- Genre: Fantasy Mythology Action Thriller Drama
- Created by: Yash A Patnaik
- Based on: Mahabharatha
- Written by: Robin Bhatt
- Starring: Anshuman Malhotra Pearl V Puri Pooja Banerjee Nitanshi Goel Nikitin Dheer Sudeepa Singh Karishma Tanna Mrunal Jain Rehaan Roy
- Country of origin: India
- Original language: Hindi
- No. of seasons: 2
- No. of episodes: 176

Production
- Producer: Inspire Films
- Production locations: Mumbai Dharamshala Kangra Palampur Kerala Madhya Pradesh India
- Camera setup: Single-camera
- Running time: 22 minutes
- Production company: Inspire Films

Original release
- Network: Life OK
- Release: May 30, 2016 – 13 January 2017

Related
- Piya Rangrezz

= Naagarjuna – Ek Yoddha =

Naagarjuna – Ek Yoddha (Naagarjuna – A Warrior) is an Indian Hindi fantasy action drama television series which premiered on 30 May 2016 on Life OK. Produced by Yash A Patnaik of Beyond Dreams Entertainment, it starred Anshuman Malhotra, Pearl V Puri, Pooja Banerjee and Nikitin Dheer.
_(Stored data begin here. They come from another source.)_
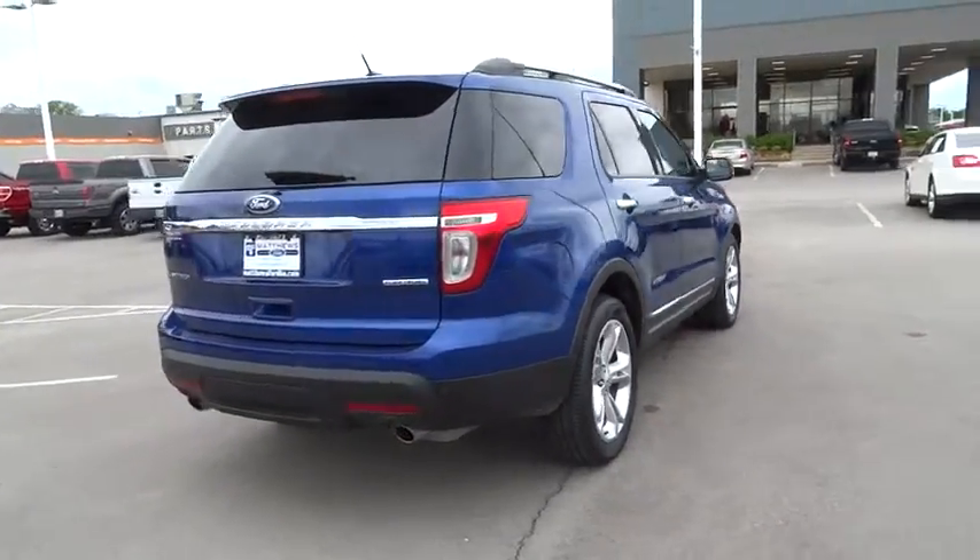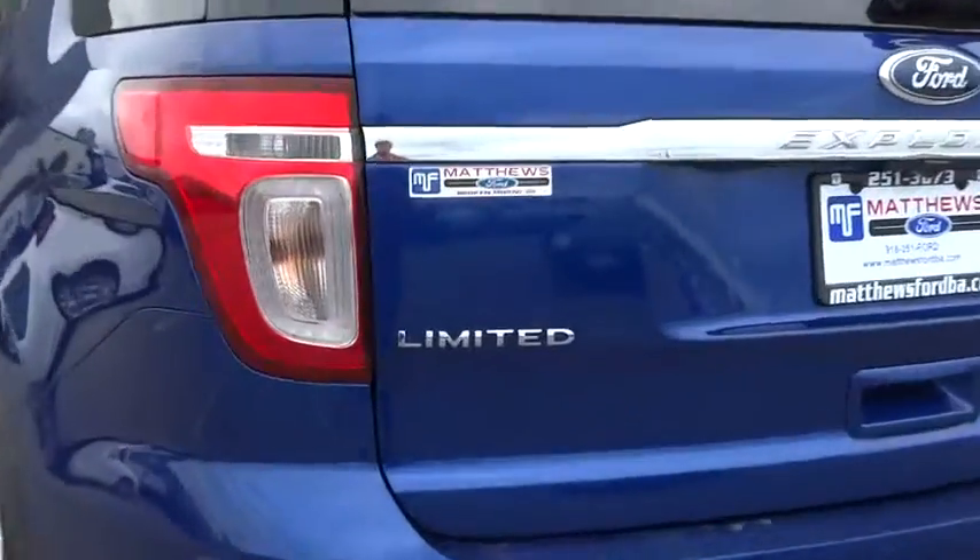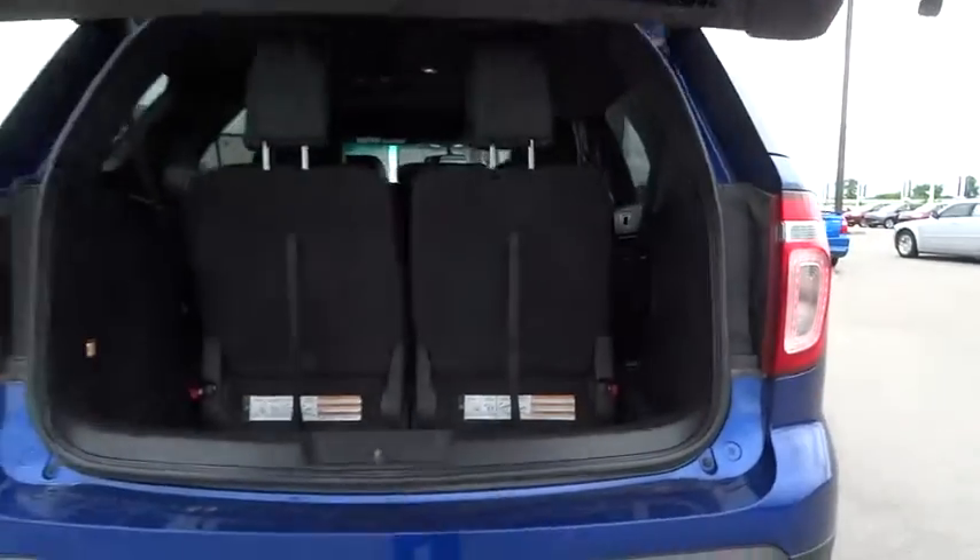Stability control. Traction control. Remote engine start. Power passenger seat. Steering wheel audio controls. Anti-lock braking system. Keyless entry. Backup camera.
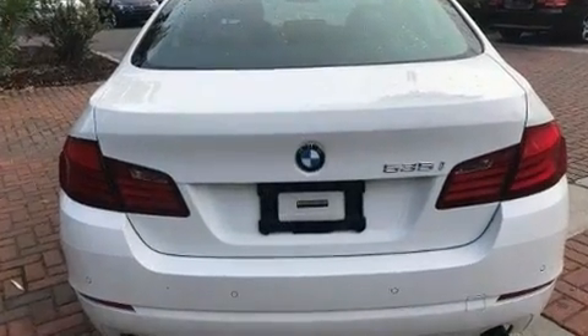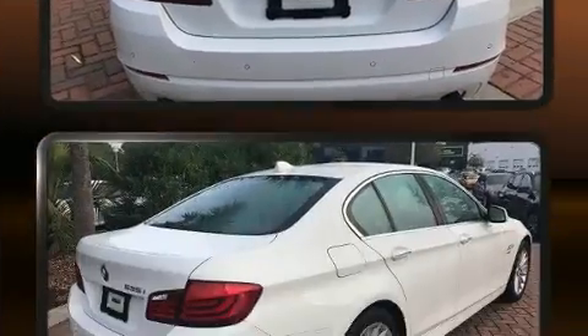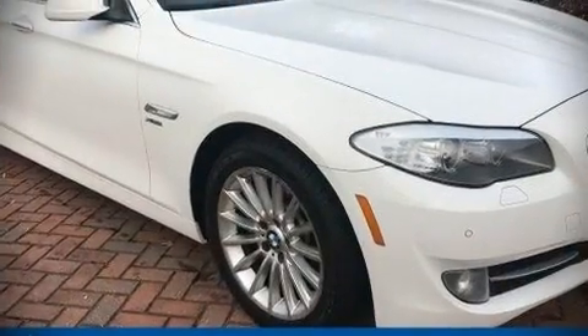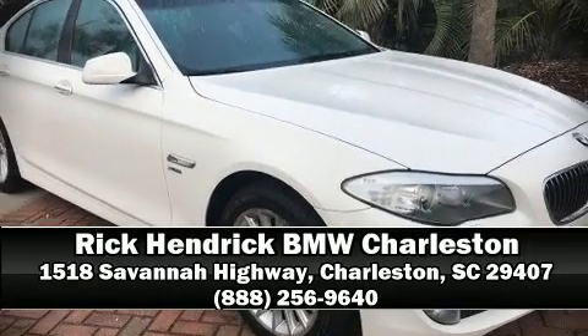A Carfax History Report provides you peace of mind by detailing information related to past owners and service records. Please don't hesitate to give us a call this week.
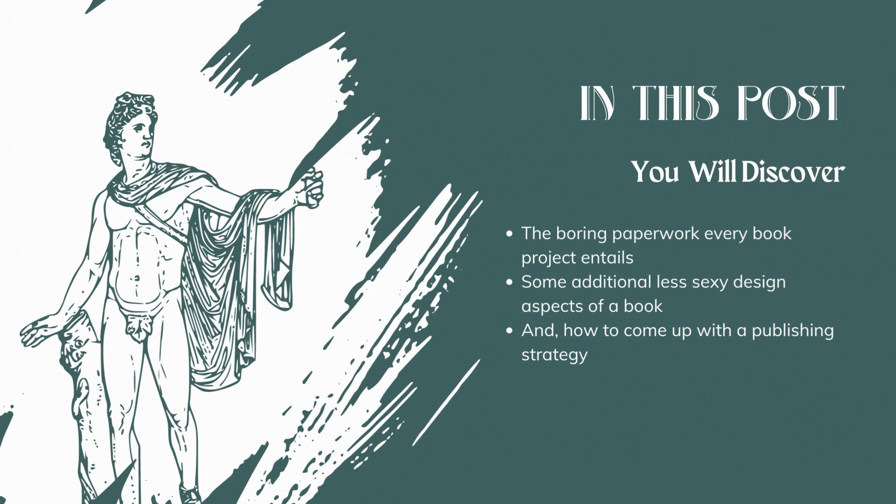In this post, you will discover the boring paperwork every book project entails, some additional less sexy design aspects of a book, and how to come up with a publishing strategy. The publication stage of a book's journey is the least enjoyable part of the process. However, ensuring the book meets the requirements for market success and safeguarding yourself from potential legal problems is still vital.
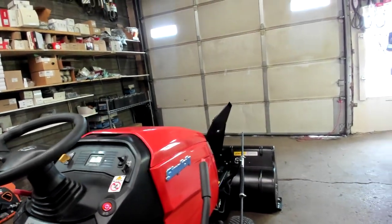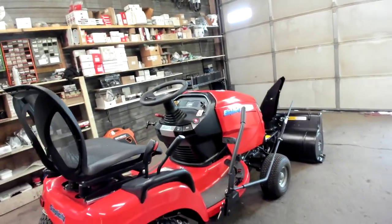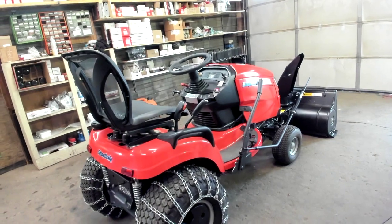Don't just be a consumer, be a prosumer. For more information on this machine, please visit CornwallMobileSmallEngine.com.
Jeet Gannguli composed the soundtrack, which was sung by Jubin Nautiyal and Shankar Mahadevan. The show was written by Robin Bhatt and Akash Khurana while Nitin Chandrakant Desai designed the sets. The show's first look was launched in Mumbai on May 24, 2016.

==Plot==
The show starts with a flashback. Arjun sits on a snake-shaped rock and the voice over starts. Astika indulges in a fight with Nagdev, kills him and takes the Naagmani and give to his king Maharaj Takshak. Takshak wants to attack the humans and wants the domination of snakes all over the world. It is then revealed that Astika has bewitched Pranali who does not know that he is a Naag. Pranali gives birth to his son and Astika comes to demand his son from her. Pranali somehow escapes from Astika's clutches and sets her son sailing in a river so that Astika can not get a hold over him. Vasuki, also a snake, is responsible for maintaining peace and balance between the prithvi lok and naag lok. He steals the Naagmani from Takshak's abode so that it is not misused and finds Arjun. It is then revealed that Astika's human son is the bearer of the Naagmani. Arjun is found by a couple who adopt him.
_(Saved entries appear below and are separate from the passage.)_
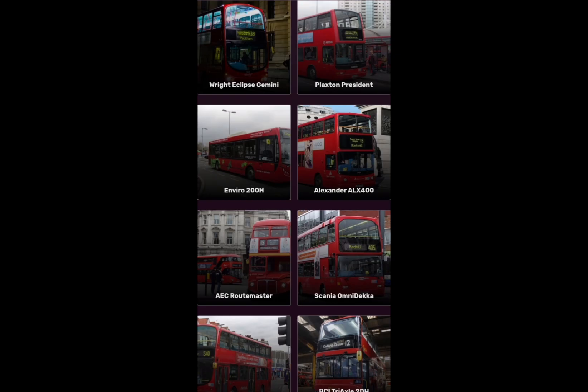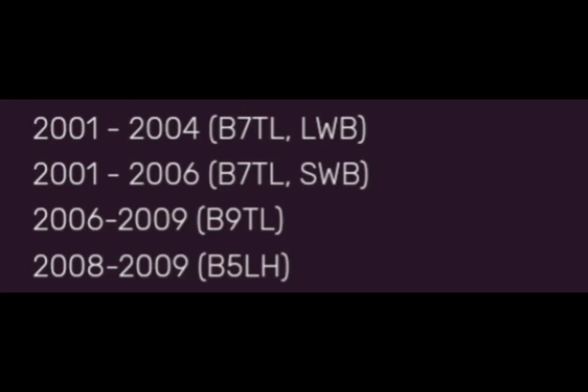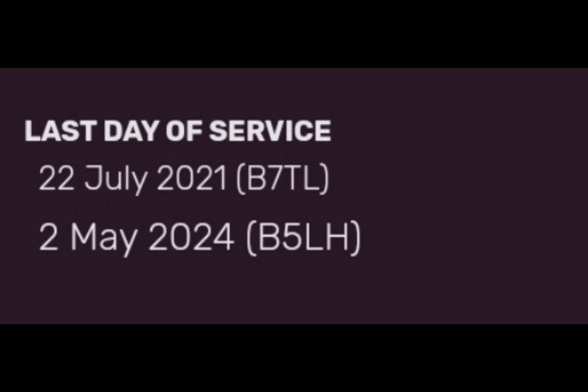So first off we're going to go with the Wright Eclipse Gemini, which I think was quite a great route and I just wonder why London would do this. This is just a close-up of how the Wright Gemini looked. It's quite a beautiful bus in its day, and it turns out there were four different periods of production that the bus was made in, and surprisingly there are also hybrid modes of this bus.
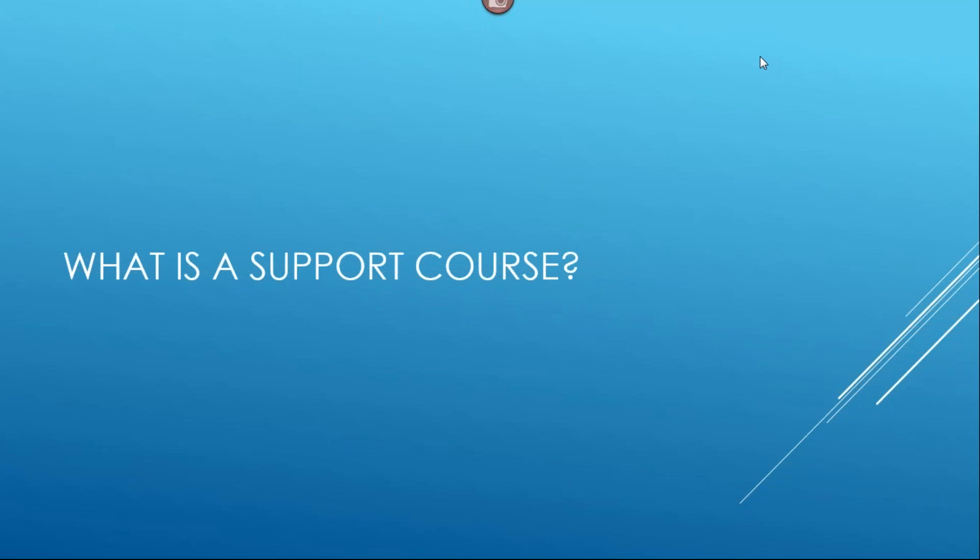Elizabeth, do you have anything to add? I think Joy said it all as far as that first question. As she said, ours is non-credit and free. Dan mentioned they have someone from the tech side as a lab aid. In our support classes it's basically just the adult ed teacher working with the students.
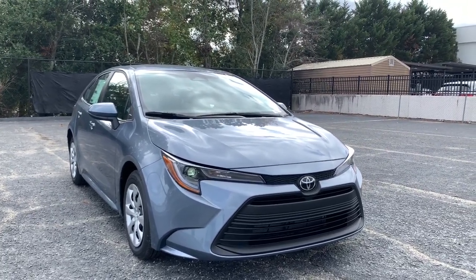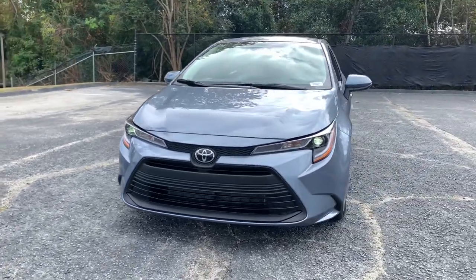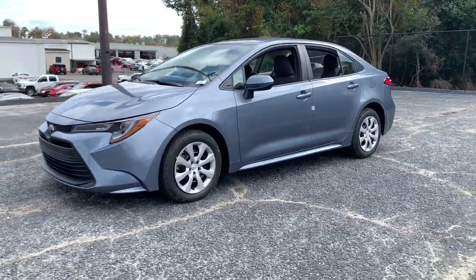Can you see yourself in the 2024 Toyota Corolla? Make your daily drive efficient and stylish in this well-equipped, affordable Corolla.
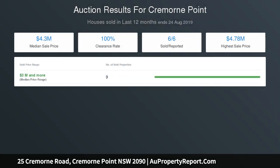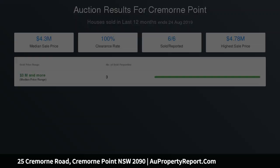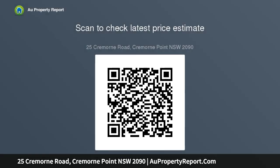Watch the daily parade of ferries from Mosgrave Street Wharf into Circular Quay. Only 300 metres to Cremorne Point Ferry terminal for a rapid city commute, and close to buses.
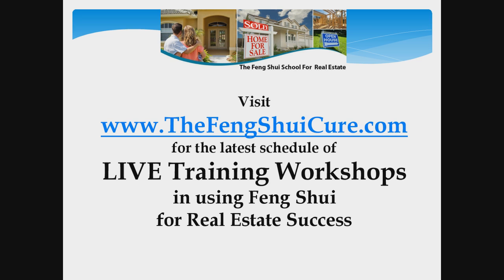I hope you enjoyed that short video. If you get a chance, please visit my website, TheFengShuiCure.com. I do a lot of live training workshops on the idea of using feng shui for real estate success. Thanks very much.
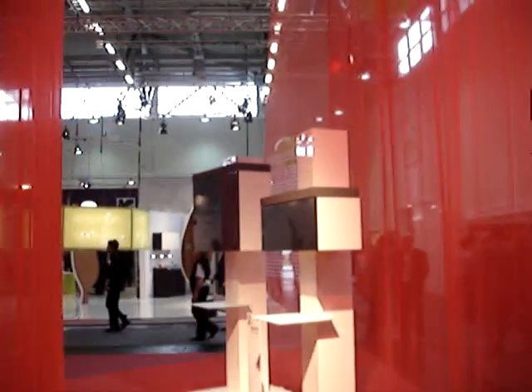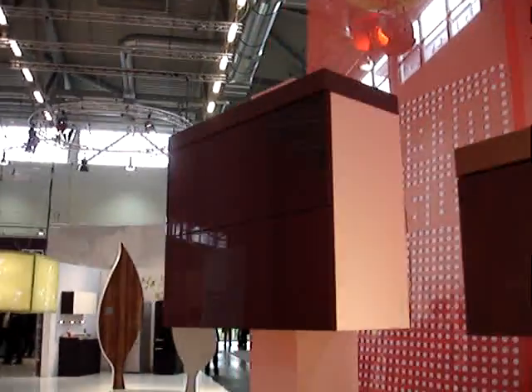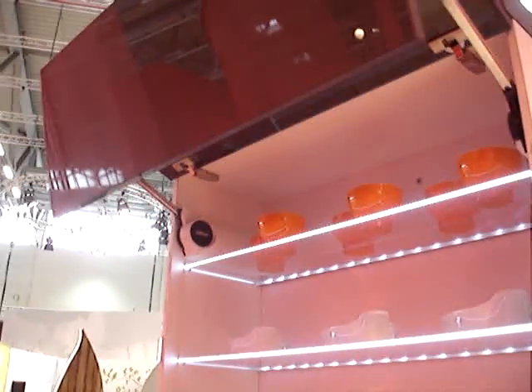And down at the far end, we'll see the display of Blum's award-winning Servo Drive for its Avento system. There it goes.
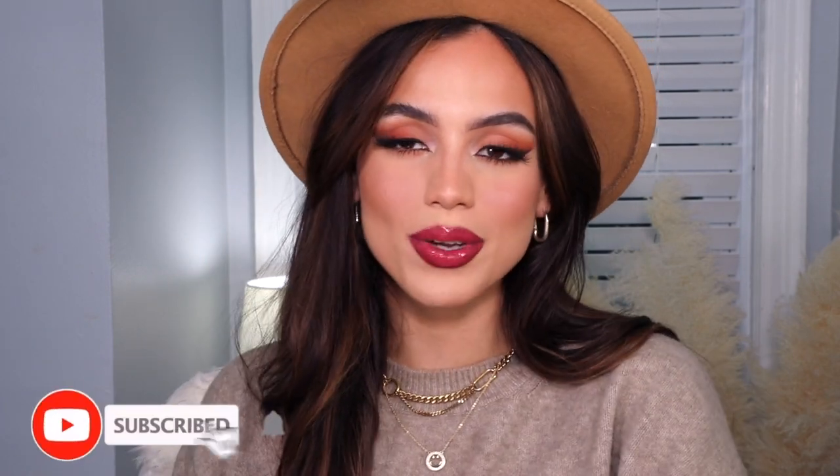Definitely consider subscribing if you want to see more fall content from me. I plan on doing more fall makeup, fashion, and home decor videos. Grab yourself a pumpkin spice latte or some warm apple cider and just hang out with me. It's a pretty simple, basic fall makeup look — you could totally make this more of an everyday look by skipping the lashes and intense liner. It's an all-matte pumpkin-y eyeshadow look. Check me out on Instagram and TikTok. Hit the subscribe button and notification bell to be notified every Wednesday and Friday. I love you all so much — let's get into this video.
The story shifts to the present where Arjun is grown up and works in a garage as part-time job. He is a simple, innocent, hardworking lad who is hated by his family, except his parents and younger sister Chhutki for being adopted. His best friend is Aslam. He meets Noori and starts feeling for her. The next day, at the temple, Vasuki comes face to face with Arjun and touches his feet, puzzling Arjun. Astika's informant sees this and Vasuki kills him, letting Astika know that he is in Amroli. Now, Astika is in search of the Naagmani and his son, but is not aware that both are at the same place. He even comes in front of Arjun, but does not recognize him.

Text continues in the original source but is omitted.